[Été 2019]
Par Jacques Doyon
Trois expositions récentes, celles de deux artistes et d’un collectionneur, nous offrent l’occasion de jeter un regard inusité sur l’acte de collectionner. Le dossier de ce numéro porte sur des collections d’images aux statuts différents, mais qui font toutes l’objet d’une relecture, d’une recontextualisation, que ce soit sous l’angle de la mise en évidence d’un mode de travail qui traverse et structure l’ensemble d’une production artistique (Serge Clément), d’une plongée dans une collection de films dont on extirpe et traduit des images pour les faire siennes (Bertrand Carrière) ou encore de la transposition d’une collection personnelle dans les salles d’un musée pour en magnifier la sensibilité et la cohérence (Jack Lazare).

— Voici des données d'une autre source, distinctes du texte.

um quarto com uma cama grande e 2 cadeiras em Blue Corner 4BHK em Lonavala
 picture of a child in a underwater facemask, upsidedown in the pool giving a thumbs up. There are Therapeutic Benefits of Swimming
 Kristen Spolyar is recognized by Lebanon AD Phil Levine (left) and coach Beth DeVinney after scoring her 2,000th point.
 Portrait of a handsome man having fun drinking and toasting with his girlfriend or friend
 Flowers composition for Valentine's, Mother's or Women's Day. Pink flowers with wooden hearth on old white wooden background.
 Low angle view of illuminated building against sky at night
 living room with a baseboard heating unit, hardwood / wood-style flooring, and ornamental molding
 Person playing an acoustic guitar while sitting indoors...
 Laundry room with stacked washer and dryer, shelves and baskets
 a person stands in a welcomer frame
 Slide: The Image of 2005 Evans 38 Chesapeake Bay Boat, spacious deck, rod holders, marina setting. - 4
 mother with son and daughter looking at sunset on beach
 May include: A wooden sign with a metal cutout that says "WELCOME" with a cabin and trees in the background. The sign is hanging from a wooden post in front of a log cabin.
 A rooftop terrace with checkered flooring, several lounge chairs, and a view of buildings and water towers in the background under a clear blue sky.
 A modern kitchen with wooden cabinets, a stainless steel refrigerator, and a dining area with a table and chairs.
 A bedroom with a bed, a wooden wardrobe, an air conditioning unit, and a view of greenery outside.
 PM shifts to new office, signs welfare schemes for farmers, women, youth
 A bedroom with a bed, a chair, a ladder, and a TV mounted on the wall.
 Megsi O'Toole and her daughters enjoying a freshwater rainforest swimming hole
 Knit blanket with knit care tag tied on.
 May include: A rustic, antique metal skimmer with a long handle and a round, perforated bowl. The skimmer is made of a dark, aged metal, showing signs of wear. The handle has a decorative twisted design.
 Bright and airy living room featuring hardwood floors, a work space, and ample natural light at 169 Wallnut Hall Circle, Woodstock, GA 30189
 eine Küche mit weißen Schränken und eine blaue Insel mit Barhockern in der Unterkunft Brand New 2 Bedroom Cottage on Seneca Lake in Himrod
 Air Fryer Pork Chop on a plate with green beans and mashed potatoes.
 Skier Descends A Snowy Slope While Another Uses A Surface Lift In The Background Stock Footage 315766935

Le projet Archipel de Serge Clément – qui recouvre à la fois une série photographique, une exposition et une publication –, réalisé en collaboration avec la commissaire Zoë Tousignant, permet de faire un retour sur la place centrale que le livre photographique occupe dans la pratique de l’artiste, que ce soit sous forme de maquettes non publiées, de livres d’artistes à compte d’auteur ou de publications à grand tirage. Le livre est aux yeux de Clément le support privilégié pour explorer la dimension narrative des images. Collectionneur passionné de livres photographiques, il redéploie ici l’ensemble de ses propres publications en une sorte de « collection de collections », à laquelle il conjugue, sous le titre d’Archipel, une nouvelle mise en séquence d’images déjà publiées.
Tout ceci est impossible, le projet de Bertrand Carrière, résulte d’une résidence de travail dans la collection de films de la Cinémathèque québécoise. Une précédente série, Images-temps (1997–2000), sert de point d’ancrage à sa quête d’une transposition de l’image animée vers la photographie. Ici, l’artiste explore tout particulièrement l’univers du film noir, en se focalisant sur le fondu enchaîné, procédé emblématique des juxtapositions temporelles au cinéma. Il en résulte une série de bandes-séquences, ses Images noires, qui, à partir d’extraits de films rephotographiés et condensés, recréent d’étranges moments d’ubiquité. Ces scènes, Carrière les met en contraste avec des images en couleur, elles aussi emblématiques du film noir, des Écrans lumineux trouant la noirceur.
Le don d’une trentaine de photographies au Musée des beaux-arts de Montréal par le collectionneur Jack Lazare était l’occasion parfaite de mettre en valeur la sensibilité particulière de sa collection personnelle et familiale. États d’âmes, esprit des lieux, qui rassemble portraits et paysages, reflète une vision du monde teintée de mélancolie. Les œuvres de Julia Margaret Cameron, point de départ de cette collection photographique, sont représentatives de l’état d’esprit général qui anime les portraits de cette exposition. Un état d’esprit qui trouve une résonance dans des paysages et des environnements urbains rendant compte de façon souvent critique de l’état actuel de notre société.